Editor’s note: Don Lincoln is a senior scientist at the Fermi National Accelerator Laboratory. He is the author of “The Large Hadron Collider: The Extraordinary Story of the Higgs Boson and Other Stuff That Will Blow Your Mind.” He also produces a series of science education videos. Follow him on Facebook. The opinions expressed in this commentary are solely his.
Say what you will about weather being mundane small-talk, but it has a flair for inspiring dramatic ways to describe it. The term snowmageddon seems to show up every year these days, but there’s also snOMG, snowpocalypse, polar vortex and now the bomb cyclone.
Of course, this begs the question: Is the bomb cyclone a real thing, or just a bit of clickbait hyperbole? The foreboding moniker became famous last winter when the Northeast was hit with a powerful snowstorm and has re-emerged in the last few days as another storm bears down on the middle of the country. As those who have witnessed these tempests can attest, a bomb cyclone can indeed be a severe weather event. It usually comes with incredibly strong winds and very substantial precipitation. If one’s heading your way, it is completely reasonable to make appropriate preparations. Just take a look at some of the footage from the Denver airport.

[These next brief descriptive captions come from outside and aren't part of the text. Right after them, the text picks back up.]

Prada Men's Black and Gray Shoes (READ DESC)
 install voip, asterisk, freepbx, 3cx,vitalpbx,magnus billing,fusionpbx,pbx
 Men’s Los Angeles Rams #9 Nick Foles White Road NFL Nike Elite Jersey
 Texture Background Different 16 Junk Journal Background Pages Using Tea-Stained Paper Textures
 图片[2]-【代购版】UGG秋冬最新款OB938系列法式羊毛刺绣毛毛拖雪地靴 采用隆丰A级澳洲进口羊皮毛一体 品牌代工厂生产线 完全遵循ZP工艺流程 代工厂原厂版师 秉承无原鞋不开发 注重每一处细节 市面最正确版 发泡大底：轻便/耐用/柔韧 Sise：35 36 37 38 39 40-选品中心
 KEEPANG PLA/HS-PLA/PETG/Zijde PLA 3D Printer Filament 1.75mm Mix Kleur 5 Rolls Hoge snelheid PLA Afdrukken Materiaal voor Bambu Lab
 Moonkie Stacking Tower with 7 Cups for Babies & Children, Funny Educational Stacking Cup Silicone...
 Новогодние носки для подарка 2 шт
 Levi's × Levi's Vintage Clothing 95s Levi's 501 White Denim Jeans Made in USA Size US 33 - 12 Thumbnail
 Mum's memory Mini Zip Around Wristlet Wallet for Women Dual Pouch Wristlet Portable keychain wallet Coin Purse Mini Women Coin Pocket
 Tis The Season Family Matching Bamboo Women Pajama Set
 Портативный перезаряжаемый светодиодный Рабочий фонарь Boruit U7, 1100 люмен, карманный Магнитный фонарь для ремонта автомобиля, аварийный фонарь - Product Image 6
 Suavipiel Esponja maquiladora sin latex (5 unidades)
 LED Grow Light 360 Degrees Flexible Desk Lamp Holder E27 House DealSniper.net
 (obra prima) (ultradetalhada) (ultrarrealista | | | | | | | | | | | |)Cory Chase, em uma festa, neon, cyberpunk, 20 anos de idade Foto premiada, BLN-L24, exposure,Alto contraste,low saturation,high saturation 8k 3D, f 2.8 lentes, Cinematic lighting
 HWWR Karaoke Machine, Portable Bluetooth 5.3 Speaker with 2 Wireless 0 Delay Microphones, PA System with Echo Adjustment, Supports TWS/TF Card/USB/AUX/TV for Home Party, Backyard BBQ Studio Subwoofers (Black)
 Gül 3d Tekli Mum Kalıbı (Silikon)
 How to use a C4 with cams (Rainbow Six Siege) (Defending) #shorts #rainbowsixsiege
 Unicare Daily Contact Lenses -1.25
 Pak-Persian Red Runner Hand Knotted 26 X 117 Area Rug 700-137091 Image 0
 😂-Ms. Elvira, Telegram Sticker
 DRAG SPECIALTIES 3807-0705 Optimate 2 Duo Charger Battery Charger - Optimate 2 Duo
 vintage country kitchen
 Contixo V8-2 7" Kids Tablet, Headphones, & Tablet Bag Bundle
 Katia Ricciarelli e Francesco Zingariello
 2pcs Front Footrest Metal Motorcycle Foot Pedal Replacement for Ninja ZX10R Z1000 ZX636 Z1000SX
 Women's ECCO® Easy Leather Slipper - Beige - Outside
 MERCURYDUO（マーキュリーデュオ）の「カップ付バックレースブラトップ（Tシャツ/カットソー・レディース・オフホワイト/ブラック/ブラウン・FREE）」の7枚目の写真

But just what is a bomb cyclone and how are they made? Well, they’re not new and they’re probably not quite as dangerous as the name sounds because, well, “bomb” sounds super scary. Typically, a bomb cyclone occurs when cold winds blowing over land collide with warm ocean breezes. This causes a very fast drop in pressure and the result is kind of a cold hurricane.
The term “bomb” is a colorful one, originating from the speed at which the atmospheric pressure changes. On average, air pressure at sea level is about a thousand millibars (1,013.25 for the science wonks). Pretty much all weather originates from the changing of pressure, which can stem from temperature fluctuations, among other things. Changes of 12 millibars over 24 hours are relatively common. However, in order to be a bomb, the pressure must change by one millibar or more per hour for at least 24 hours. The recent storm, which experienced a change of 33 millibars from Tuesday to Wednesday, certainly satisfied that criterion.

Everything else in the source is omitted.